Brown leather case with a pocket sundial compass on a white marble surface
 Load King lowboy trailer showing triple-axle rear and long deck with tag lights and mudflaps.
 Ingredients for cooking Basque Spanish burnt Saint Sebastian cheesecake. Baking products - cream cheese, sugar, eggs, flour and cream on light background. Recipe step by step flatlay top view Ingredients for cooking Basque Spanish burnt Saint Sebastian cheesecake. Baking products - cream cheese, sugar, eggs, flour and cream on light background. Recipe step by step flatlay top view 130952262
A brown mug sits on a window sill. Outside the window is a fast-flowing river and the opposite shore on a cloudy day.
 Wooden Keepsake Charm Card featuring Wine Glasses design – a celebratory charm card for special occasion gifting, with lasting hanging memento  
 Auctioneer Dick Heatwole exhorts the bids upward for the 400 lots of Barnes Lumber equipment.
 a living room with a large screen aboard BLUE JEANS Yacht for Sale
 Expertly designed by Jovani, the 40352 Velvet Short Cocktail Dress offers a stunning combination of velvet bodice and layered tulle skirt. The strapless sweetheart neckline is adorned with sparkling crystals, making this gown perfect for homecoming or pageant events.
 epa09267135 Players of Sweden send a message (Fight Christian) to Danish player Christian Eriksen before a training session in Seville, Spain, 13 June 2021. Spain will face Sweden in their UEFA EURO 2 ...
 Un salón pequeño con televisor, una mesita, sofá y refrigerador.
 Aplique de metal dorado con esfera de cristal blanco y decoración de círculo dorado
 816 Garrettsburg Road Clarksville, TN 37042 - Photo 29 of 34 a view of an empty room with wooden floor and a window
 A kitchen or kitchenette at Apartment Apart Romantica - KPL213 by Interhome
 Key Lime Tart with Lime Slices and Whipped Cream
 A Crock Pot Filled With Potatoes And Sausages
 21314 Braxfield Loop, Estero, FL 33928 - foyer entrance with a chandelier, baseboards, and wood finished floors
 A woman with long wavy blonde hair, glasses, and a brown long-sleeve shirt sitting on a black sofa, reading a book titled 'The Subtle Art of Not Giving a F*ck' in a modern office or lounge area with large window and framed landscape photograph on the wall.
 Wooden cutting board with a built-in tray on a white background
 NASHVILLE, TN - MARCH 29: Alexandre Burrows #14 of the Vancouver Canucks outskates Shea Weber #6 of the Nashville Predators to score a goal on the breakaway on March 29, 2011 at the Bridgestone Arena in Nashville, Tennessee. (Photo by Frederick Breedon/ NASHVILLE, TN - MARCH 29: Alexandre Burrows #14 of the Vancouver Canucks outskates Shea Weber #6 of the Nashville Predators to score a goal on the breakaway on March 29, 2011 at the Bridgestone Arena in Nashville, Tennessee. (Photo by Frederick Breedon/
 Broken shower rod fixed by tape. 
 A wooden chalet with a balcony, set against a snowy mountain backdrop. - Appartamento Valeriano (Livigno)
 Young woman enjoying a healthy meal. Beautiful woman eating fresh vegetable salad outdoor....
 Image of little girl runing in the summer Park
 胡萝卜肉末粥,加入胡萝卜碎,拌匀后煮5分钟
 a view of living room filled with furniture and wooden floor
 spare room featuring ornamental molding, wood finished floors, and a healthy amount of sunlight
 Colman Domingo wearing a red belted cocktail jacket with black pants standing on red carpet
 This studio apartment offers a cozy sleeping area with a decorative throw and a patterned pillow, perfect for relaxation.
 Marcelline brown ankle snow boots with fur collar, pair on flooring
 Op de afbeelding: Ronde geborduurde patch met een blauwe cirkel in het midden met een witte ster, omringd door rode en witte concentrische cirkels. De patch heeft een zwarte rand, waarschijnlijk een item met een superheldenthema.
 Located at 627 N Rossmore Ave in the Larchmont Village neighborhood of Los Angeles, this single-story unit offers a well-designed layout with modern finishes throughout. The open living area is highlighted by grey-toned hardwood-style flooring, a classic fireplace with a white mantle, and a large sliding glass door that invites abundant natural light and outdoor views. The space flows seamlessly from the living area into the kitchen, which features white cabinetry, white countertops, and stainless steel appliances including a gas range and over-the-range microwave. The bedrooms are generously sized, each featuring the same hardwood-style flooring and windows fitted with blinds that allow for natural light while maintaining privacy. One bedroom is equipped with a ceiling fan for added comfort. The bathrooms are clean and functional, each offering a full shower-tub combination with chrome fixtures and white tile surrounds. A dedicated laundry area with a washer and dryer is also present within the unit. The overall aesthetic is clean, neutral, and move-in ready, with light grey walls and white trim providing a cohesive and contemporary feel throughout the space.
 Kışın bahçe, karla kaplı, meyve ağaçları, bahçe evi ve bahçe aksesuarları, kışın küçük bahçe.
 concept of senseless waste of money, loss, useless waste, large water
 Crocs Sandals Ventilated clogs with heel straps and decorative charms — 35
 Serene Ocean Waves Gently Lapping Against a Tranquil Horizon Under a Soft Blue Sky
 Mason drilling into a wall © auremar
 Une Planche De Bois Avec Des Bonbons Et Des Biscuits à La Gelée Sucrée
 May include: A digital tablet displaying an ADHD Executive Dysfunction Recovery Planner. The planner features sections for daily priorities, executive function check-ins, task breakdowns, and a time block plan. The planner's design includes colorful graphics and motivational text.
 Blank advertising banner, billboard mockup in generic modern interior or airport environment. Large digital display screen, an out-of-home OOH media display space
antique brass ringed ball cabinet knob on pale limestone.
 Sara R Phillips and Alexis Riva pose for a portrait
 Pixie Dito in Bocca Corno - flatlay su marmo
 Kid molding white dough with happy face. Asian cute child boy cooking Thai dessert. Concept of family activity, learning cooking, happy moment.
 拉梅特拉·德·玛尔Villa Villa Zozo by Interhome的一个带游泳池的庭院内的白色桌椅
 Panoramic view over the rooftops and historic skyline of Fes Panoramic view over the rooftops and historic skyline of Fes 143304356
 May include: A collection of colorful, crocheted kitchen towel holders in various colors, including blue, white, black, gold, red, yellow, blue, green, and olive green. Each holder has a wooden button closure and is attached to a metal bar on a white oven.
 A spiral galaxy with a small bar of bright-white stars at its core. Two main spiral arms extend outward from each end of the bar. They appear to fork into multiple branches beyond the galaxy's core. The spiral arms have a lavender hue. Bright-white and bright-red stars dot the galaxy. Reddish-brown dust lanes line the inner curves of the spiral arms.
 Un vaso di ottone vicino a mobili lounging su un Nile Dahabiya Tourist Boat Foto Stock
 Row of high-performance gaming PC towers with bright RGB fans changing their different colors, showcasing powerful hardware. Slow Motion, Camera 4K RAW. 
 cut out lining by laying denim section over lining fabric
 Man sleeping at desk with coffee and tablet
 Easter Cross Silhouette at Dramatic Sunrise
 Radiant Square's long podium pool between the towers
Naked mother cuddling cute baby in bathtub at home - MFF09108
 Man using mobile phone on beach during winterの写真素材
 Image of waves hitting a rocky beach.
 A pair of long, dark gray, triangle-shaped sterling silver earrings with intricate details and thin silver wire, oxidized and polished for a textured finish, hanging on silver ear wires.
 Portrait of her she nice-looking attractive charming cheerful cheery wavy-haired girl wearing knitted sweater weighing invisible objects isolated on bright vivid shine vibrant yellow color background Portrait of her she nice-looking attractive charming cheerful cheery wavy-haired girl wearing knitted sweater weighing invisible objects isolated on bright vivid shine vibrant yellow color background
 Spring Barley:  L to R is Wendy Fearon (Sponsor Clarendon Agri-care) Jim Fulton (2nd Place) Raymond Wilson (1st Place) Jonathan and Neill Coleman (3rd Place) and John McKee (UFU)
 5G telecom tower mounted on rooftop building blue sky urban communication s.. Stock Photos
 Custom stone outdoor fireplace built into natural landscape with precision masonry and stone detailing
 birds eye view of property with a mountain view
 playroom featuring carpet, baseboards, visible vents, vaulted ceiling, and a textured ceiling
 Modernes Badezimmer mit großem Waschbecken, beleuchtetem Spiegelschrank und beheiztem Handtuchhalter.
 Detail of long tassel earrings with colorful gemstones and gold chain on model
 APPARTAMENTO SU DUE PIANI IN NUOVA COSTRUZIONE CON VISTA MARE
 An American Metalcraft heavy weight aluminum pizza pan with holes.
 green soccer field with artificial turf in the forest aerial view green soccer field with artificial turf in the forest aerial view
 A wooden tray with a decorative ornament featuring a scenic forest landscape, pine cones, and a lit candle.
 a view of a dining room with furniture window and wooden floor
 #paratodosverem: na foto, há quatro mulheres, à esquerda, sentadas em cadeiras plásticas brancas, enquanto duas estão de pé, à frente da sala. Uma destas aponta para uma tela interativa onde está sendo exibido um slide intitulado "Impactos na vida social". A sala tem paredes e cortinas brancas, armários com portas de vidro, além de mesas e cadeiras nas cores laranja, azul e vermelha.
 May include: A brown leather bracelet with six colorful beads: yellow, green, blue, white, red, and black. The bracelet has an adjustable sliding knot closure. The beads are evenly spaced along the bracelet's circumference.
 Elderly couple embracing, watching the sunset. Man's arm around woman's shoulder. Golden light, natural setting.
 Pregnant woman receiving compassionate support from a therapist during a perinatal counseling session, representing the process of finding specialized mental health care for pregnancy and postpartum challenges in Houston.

-----

• _Exercise_
In the data above, find the line that contains "Image of waves hitting a rocky beach." and the line that contains "A pair of long, dark". Repeat exactly those lines and every line between them, and only those.

• _Response to this task_
 Image of waves hitting a rocky beach.
 A pair of long, dark gray, triangle-shaped sterling silver earrings with intricate details and thin silver wire, oxidized and polished for a textured finish, hanging on silver ear wires.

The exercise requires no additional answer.